** Opening Record excerpts block **
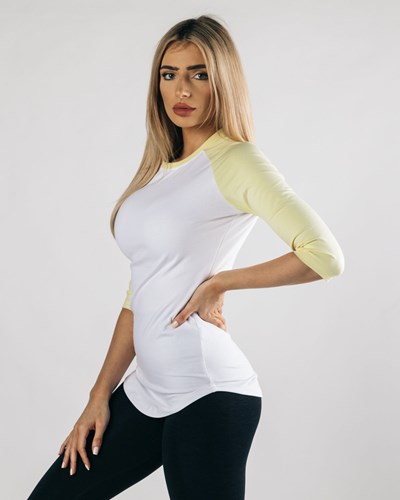 White Lemonade Alphalete Fitted Performance 3/4 Sleeve | 96182-UFJE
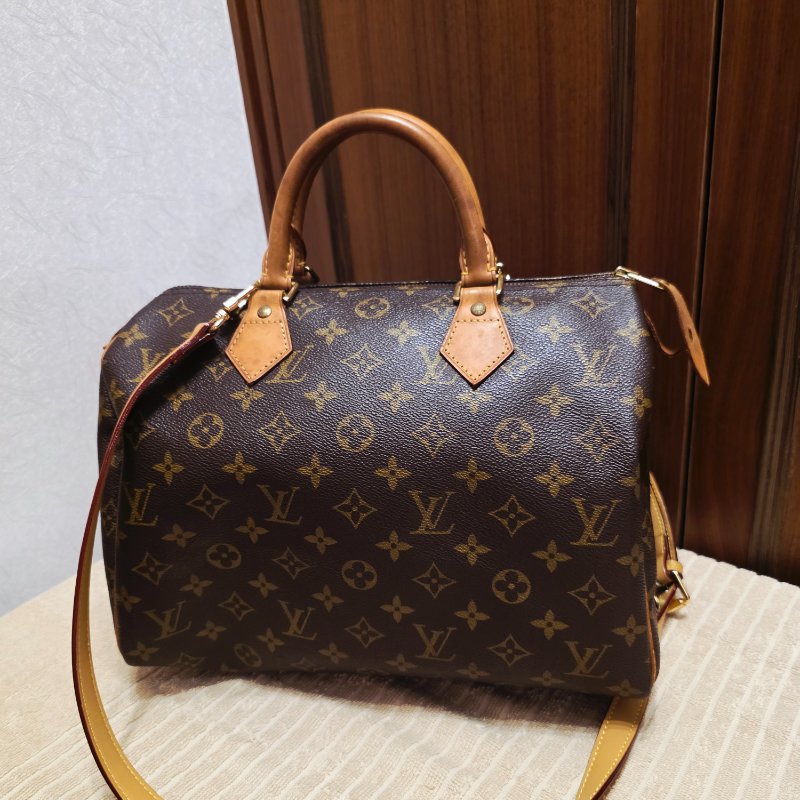 Louis Vuitton LV原花 Speedy30 明星人手一顆 /母親節活動 贈精美可調式斜背帶-19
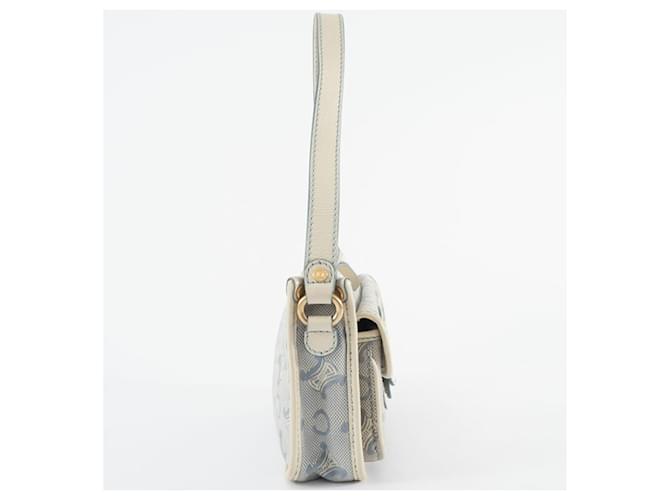 Céline Borsa a Spalla Celine C Macadam Bianco Blu - vista 14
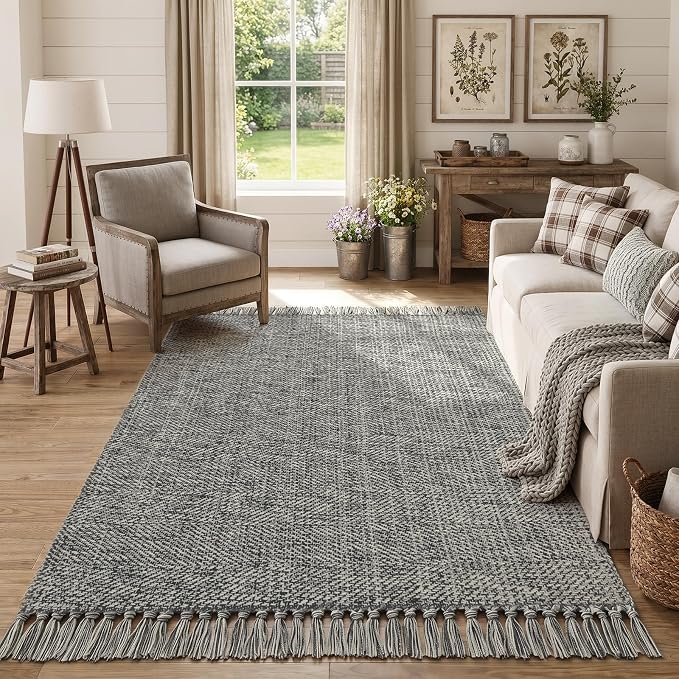 Collive 4' x 6' Bedroom Area Rug, Modern Farmhouse Indoor Outdoor Rugs Boho Living Room Rug, Grey Hand Woven Comfy Bedside Mats Reversible Dining Room Carpet for Nursery Room Patio Decor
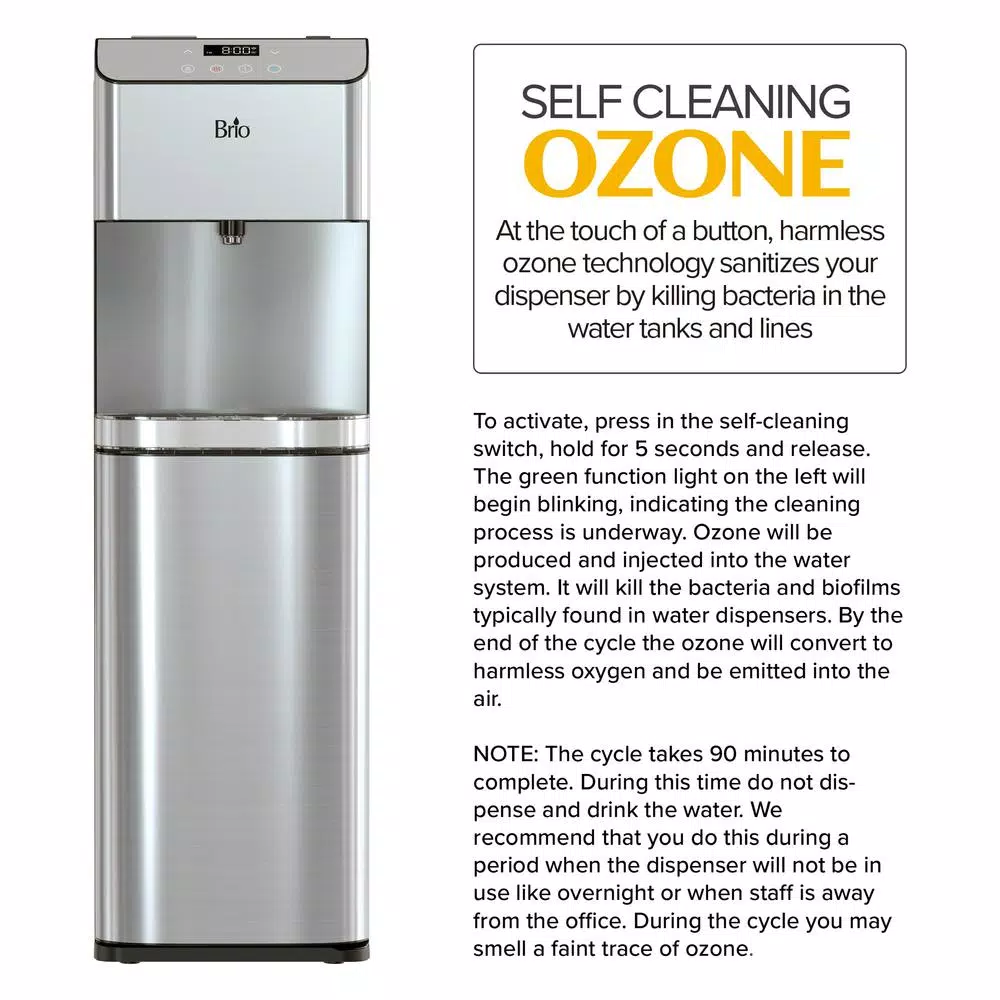 Brio Moderna Self-Cleaning Bottom Loading Water Cooler - Stainless Steel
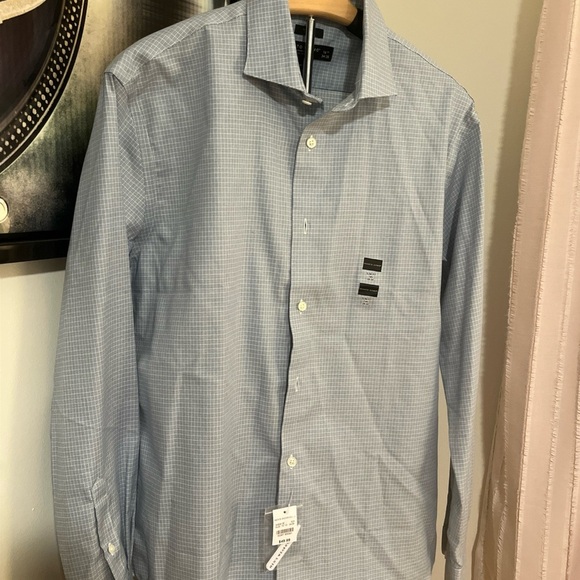 Pronto Uomo Non-Iron Slim Fit Blue Checkered Dress Shirt Size 16.5 34/35 - Picture 3 of 6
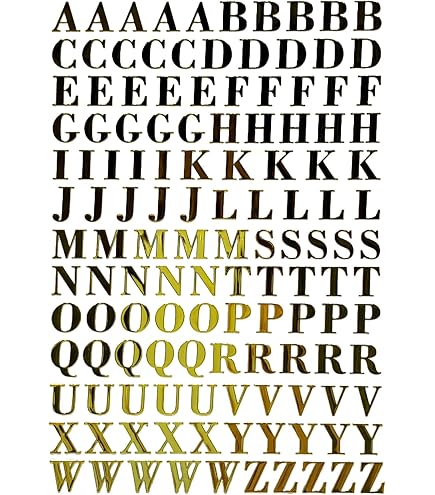 Amazon.co.jp: アルファベット 金[シールシート]グリッター文字シール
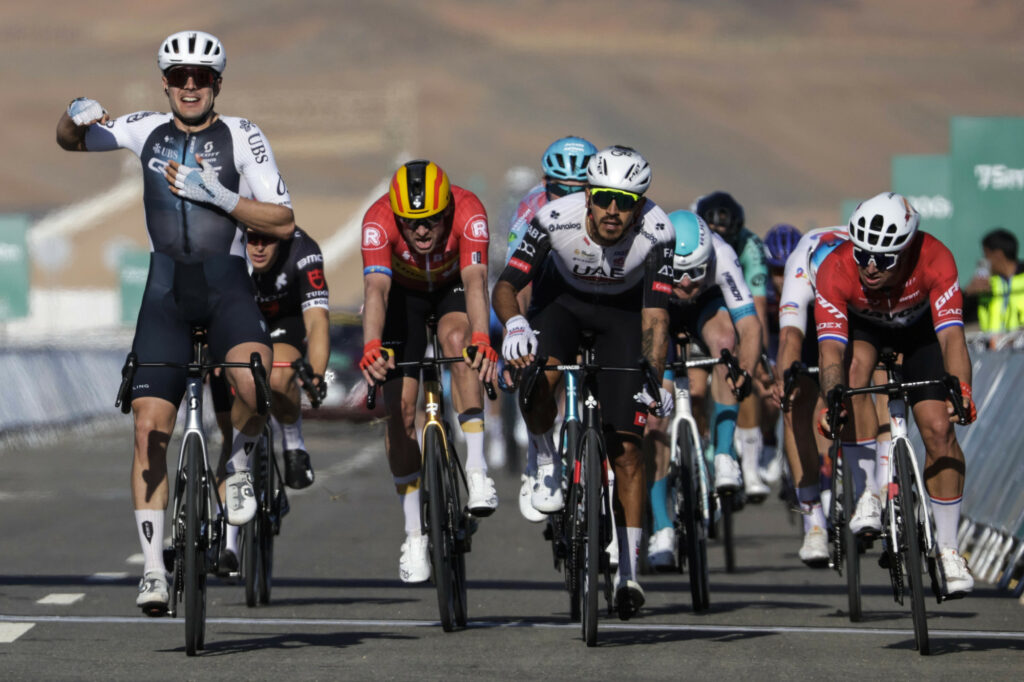Matteo Moschetti wins stage five, 2025 AlUla Tour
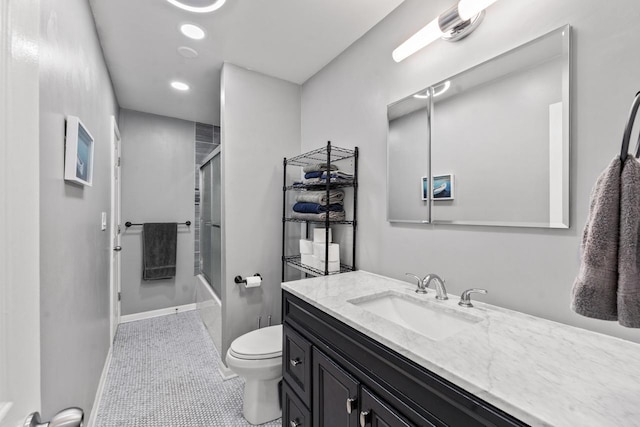 2110 Joanna Ave, Zion, IL 60099 - full bath featuring recessed lighting, vanity, combined bath / shower with glass door, and tile patterned flooring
** Closing Record excerpts block **
Task requirements:
Repeat, word for word, each of the records, omitting any image they hold.

Reply to the task:
 White Lemonade Alphalete Fitted Performance 3/4 Sleeve | 96182-UFJE
 Louis Vuitton LV原花 Speedy30 明星人手一顆 /母親節活動 贈精美可調式斜背帶-19
 Céline Borsa a Spalla Celine C Macadam Bianco Blu - vista 14
 Collive 4' x 6' Bedroom Area Rug, Modern Farmhouse Indoor Outdoor Rugs Boho Living Room Rug, Grey Hand Woven Comfy Bedside Mats Reversible Dining Room Carpet for Nursery Room Patio Decor
 Brio Moderna Self-Cleaning Bottom Loading Water Cooler - Stainless Steel
 Pronto Uomo Non-Iron Slim Fit Blue Checkered Dress Shirt Size 16.5 34/35 - Picture 3 of 6
 Amazon.co.jp: アルファベット 金[シールシート]グリッター文字シール
Matteo Moschetti wins stage five, 2025 AlUla Tour
 2110 Joanna Ave, Zion, IL 60099 - full bath featuring recessed lighting, vanity, combined bath / shower with glass door, and tile patterned flooring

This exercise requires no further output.